Thomas Effland, Anna Lawson, Sharon Balter, Katelynn Devinney, Vasudha Reddy, HaeNa Waechter, Luis Gravano, and Daniel Hsu. Discovering foodborne illness in online restaurant reviews. Journal of the American Medical Informatics Association, 25(12):1586-1592, 2018.

Giannis Karamanolakis, Daniel Hsu, Luis Gravano. Training neural networks for aspect extraction using descriptive keywords only. In Second Learning from Limited Labeled Data Workshop. 2019.

With other colleagues in Computer Science, we have applied machine learning and statistical inference to help make data-driven applications more transparent. In “Sunlight”, we showed how randomized experimental designs can be used to infer causal effects of online profile attributes in ad targeting systems. In “FairTest”, we showed how supervised machine learning techniques can be used to discover and measure unwarranted / potentially discriminatory associations encoded in predictive models.

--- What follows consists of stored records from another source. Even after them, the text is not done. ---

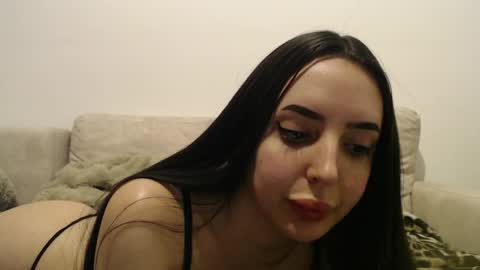 Snapshot of stepmommy19 chatting on 03/01/26, 06:43 StepMommy19 online show from 03/01/26, 06:43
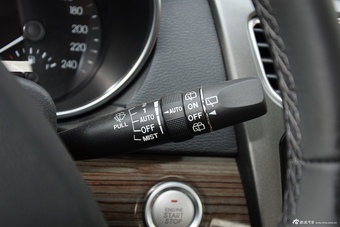 2015款哈弗H8 2.0T两驱豪华型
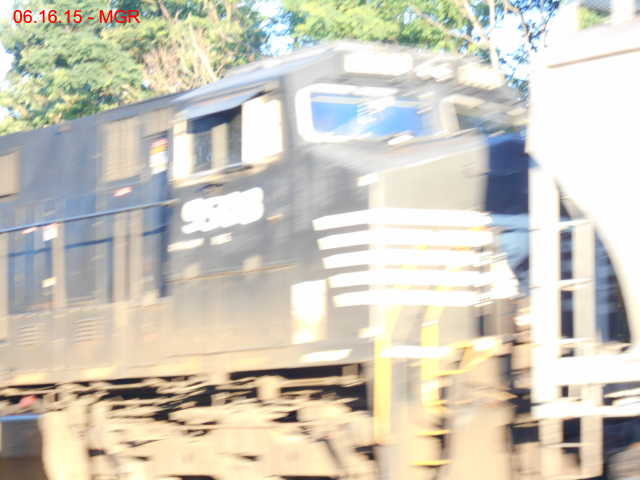 Sightings 06.16.15  / Ex UP Unit at Hudson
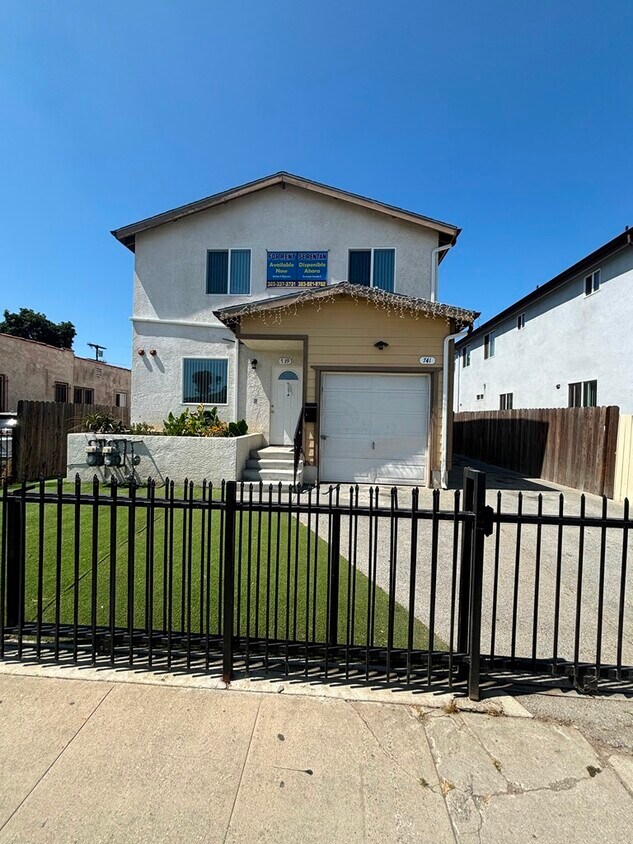 Foto principal - 739 E 79th St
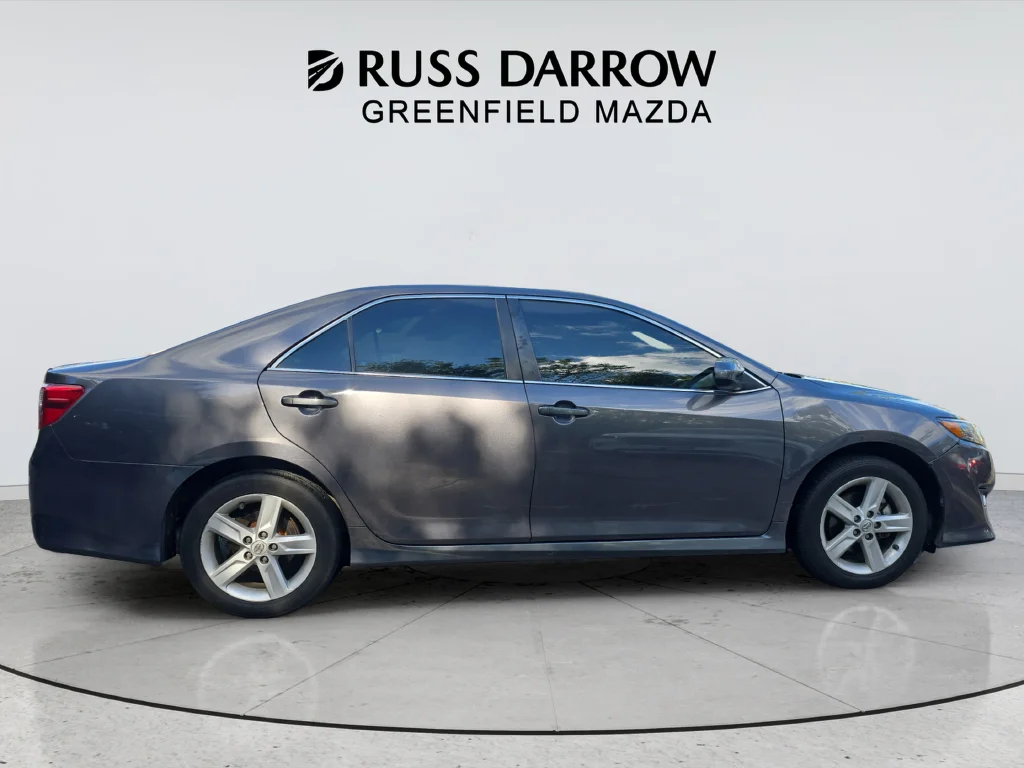 Used 2014 Gray Toyota SE image 6
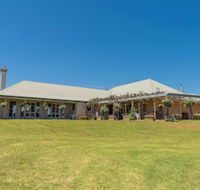 Holman Estate - Accommodation VIC
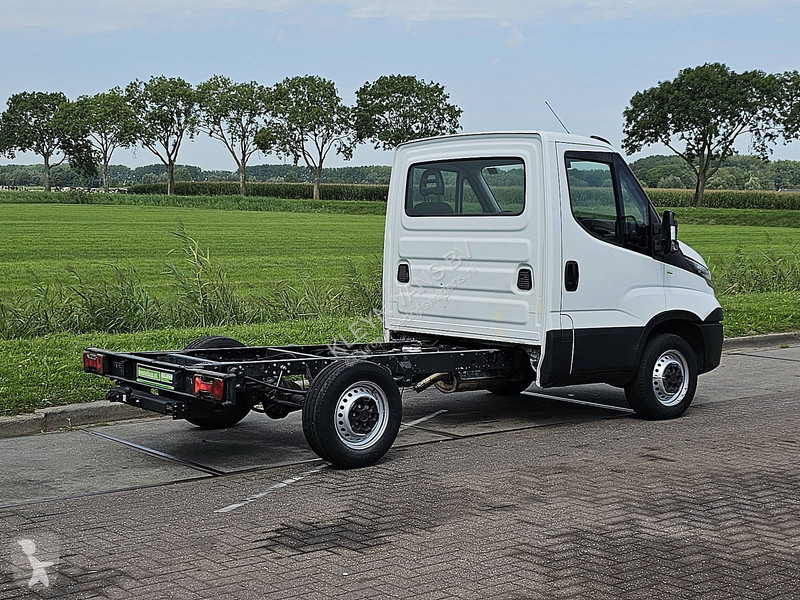 Furgoneta Iveco 35 S 12 CHASSIS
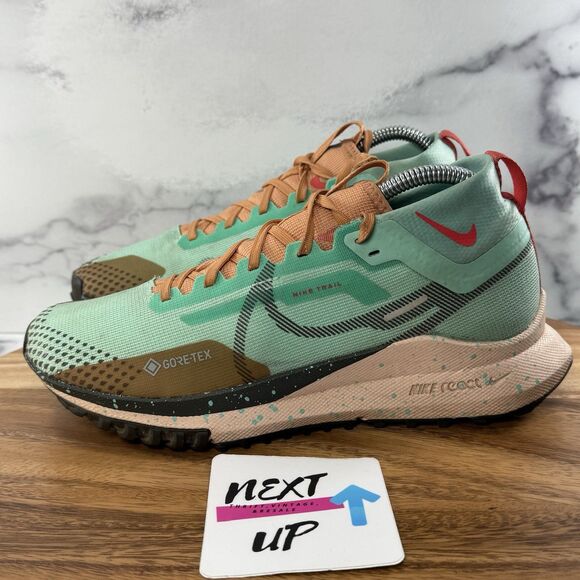 Women’s Size 8.5-Nike React Pegasus Trail 4 GTX Emerald Rise Sequoia DJ7929-301 - Picture 1 of 9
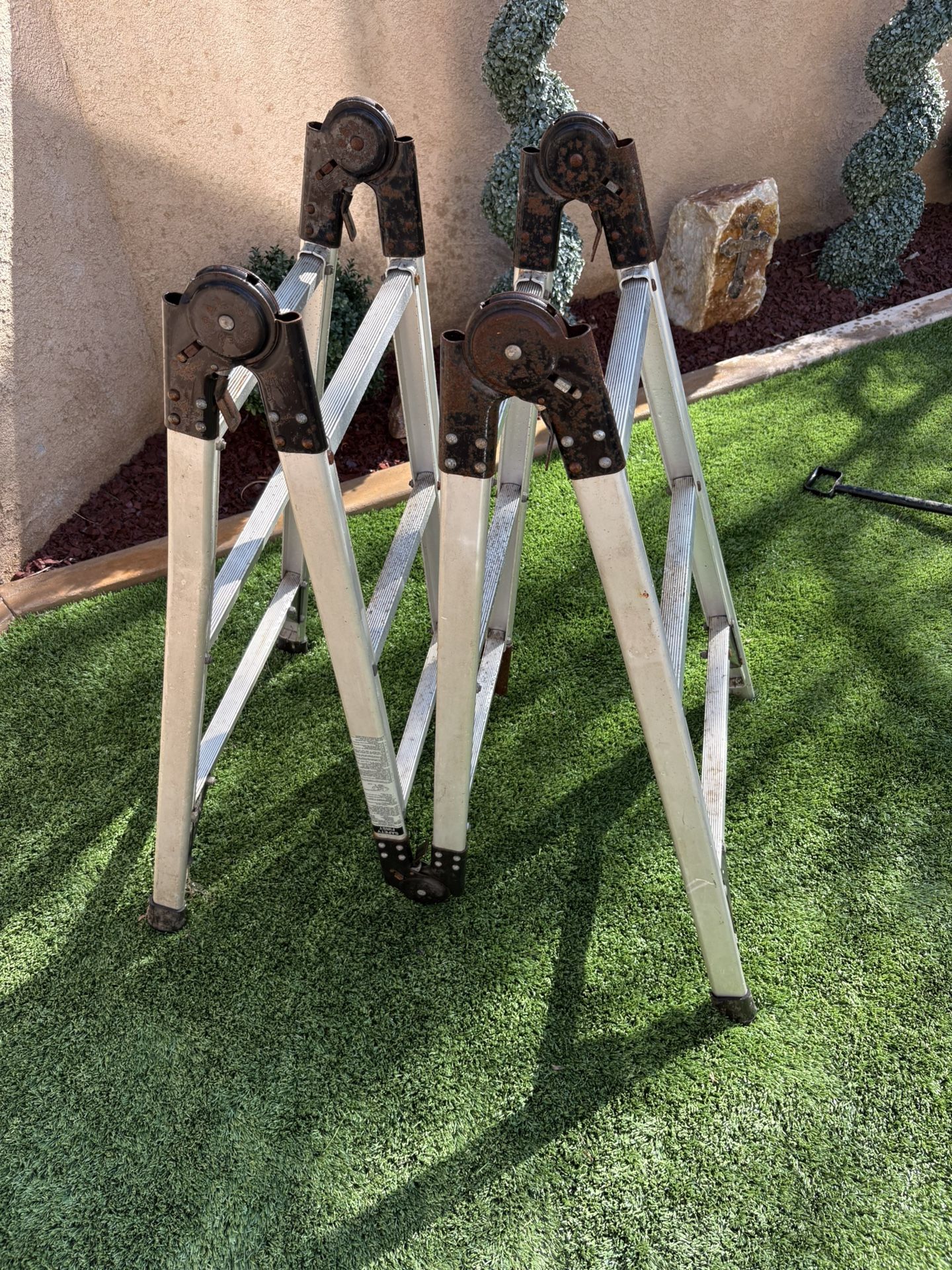 Estway Adjustable Ladder 12 Foot 250 Lb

Mathias Lecuyer, Riley Spahn, Yannis Spiliopoulos, Augustin Chaintreau, Roxana Geambasu, Daniel Hsu. Sunlight: fine-grained targeting detection at scale with statistical confidence. In Twenty-Second ACM Conference on Computer and Communications Security. 2015.

Florian Tramer, Vaggelis Atlidakis, Roxana Geambasu, Daniel Hsu, Jean-Pierre Hubaux, Mathias Humbert, Ari Juels, Huang Lin. FairTest: discovering unwarranted associations in data-driven applications. In Second IEEE European Symposium on Security and Privacy. 2017.

I have been collaborating with Zoltan Haiman from the Columbia Astronomy Department on applications of machine learning to cosmology. One high-level goal is to use machine learning to tackle inferential tasks in cosmology, which we anticipate will lead to a better understanding of the nature of dark energy. Towards this end, we trained deep neural networks to extract non-Gaussian information from weak lensing observations. These networks provide alternatives to previously-used descriptors (i.e., statistics) such as two-point correlations and peak counts. Using weak lensing maps obtained from a suite of *n*-body simulations, we found that the deep neural networks provided tighter constraints on cosmological parameters than previously proposed statistics. Our approach has since been adopted by other research groups working on cosmology.

Arushi Gupta, Jose Manuel Zorrilla Matilla, Daniel Hsu, Zoltan Haiman. Non-Gaussian information from weak lensing data via deep learning. Phys. Rev. D, 97:103515, May 2018.

Dezső Ribli, Bálint Ármin Pataki, José Manuel Zorrilla Matilla, Daniel Hsu, Zoltán Haiman, István Csabai. Weak lensing cosmology with convolutional neural networks on noisy data. Preprint, 2019.